A team of theoretical physicists from the University of Exeter has pioneered a new technique to create tuneable artificial magnetic fields, which enable photons to mimic the dynamics of charged particles in real magnetic fields.
The team believe the new research, published in leading journal Nature Photonics, could have important implications for future photonic devices as it provides a novel way of manipulating light below the diffraction limit.
When charged particles, like electrons, pass through a magnetic field they feel a Lorentz force due to their electric charge, which curves their trajectory around the magnetic field lines.
This Lorentz force is responsible for many fascinating phenomena, ranging from the beautiful Northern Lights, to the famous quantum-Hall effect whose discovery was awarded the Nobel Prize.
However, because photons do not carry an electric charge, they cannot be straightforwardly controlled using real magnetic fields since they do not experience a Lorentz force; a severe limitation that is dictated by the fundamental laws of physics.
The research team have shown that it is possible to create artificial magnetic fields for light by distorting honeycomb metasurfaces — ultra-thin 2D surfaces that are engineered to have structure on a scale much smaller than the wavelength of light.

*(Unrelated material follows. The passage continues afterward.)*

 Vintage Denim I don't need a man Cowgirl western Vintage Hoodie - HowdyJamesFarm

The Exeter team were inspired by a remarkable discovery ten years ago, where it was shown that electrons propagating through a strained graphene membrane behave as if they were subjected to a large magnetic field.

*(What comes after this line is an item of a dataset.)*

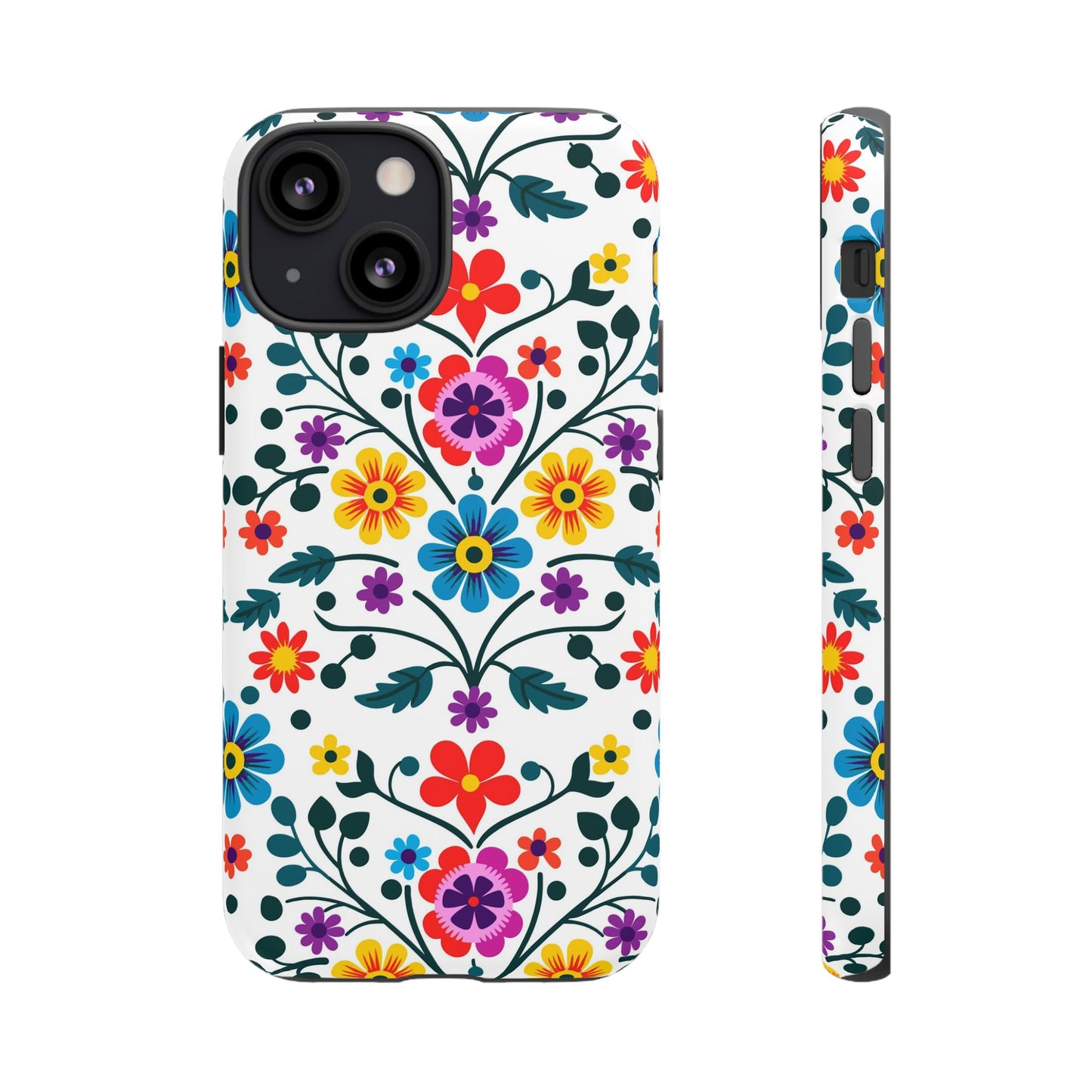 Beautiful Floral IPhone Protective Case for IPhones 11 - 16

The major drawback with this strain engineering approach is that to tune the artificial magnetic field one is required to modify the strain pattern with precision, which is extremely challenging, if not impossible, to do with photonic structures.
The Exeter physicists have proposed an elegant solution to overcome this fundamental lack of tunability.
Charlie-Ray Mann, the lead scientist and author of the study, explains: “These metasurfaces, support hybrid light-matter excitations, called polaritons, which are trapped on the metasurface.
“They are then deflected by the distortions in the metasurface in a similar way to how magnetic fields deflect charged particles.
“By exploiting the hybrid nature of the polaritons, we show that you can tune the artificial magnetic field by modifying the real electromagnetic environment surrounding the metasurface.”
For the study, the researchers embedded the metasurface between two mirrors — known as a photonic cavity — and show that one can tune the artificial magnetic field by changing only the width of the photonic cavity, thereby removing the need to modify the distortion in the metasurface.
Charlie added: “We have even demonstrated that you can switch off the artificial magnetic field entirely at a critical cavity width, without having to remove the distortion in the metasurface, something that is impossible to do in graphene or any system that emulates graphene.
“Using this mechanism you can bend the trajectory of the polaritons using a tunable Lorentz-like force and also observe Landau quantization of the polariton cyclotron orbits, in direct analogy with what happens to charged particles in real magnetic fields.
“Moreover, we have shown that you can drastically reconfigure the polariton Landau level spectrum by simply changing the cavity width.”
Dr Eros Mariani, the lead supervisor of the study, said: “Being able to emulate phenomena with photons that are usually thought to be exclusive to charged particles is fascinating from a fundamental point of view, but it could also have important implications for photonics applications.
“We’re excited to see where this discovery leads, as it poses many intriguing questions which can be explored in many different experimental platforms across the electromagnetic spectrum.”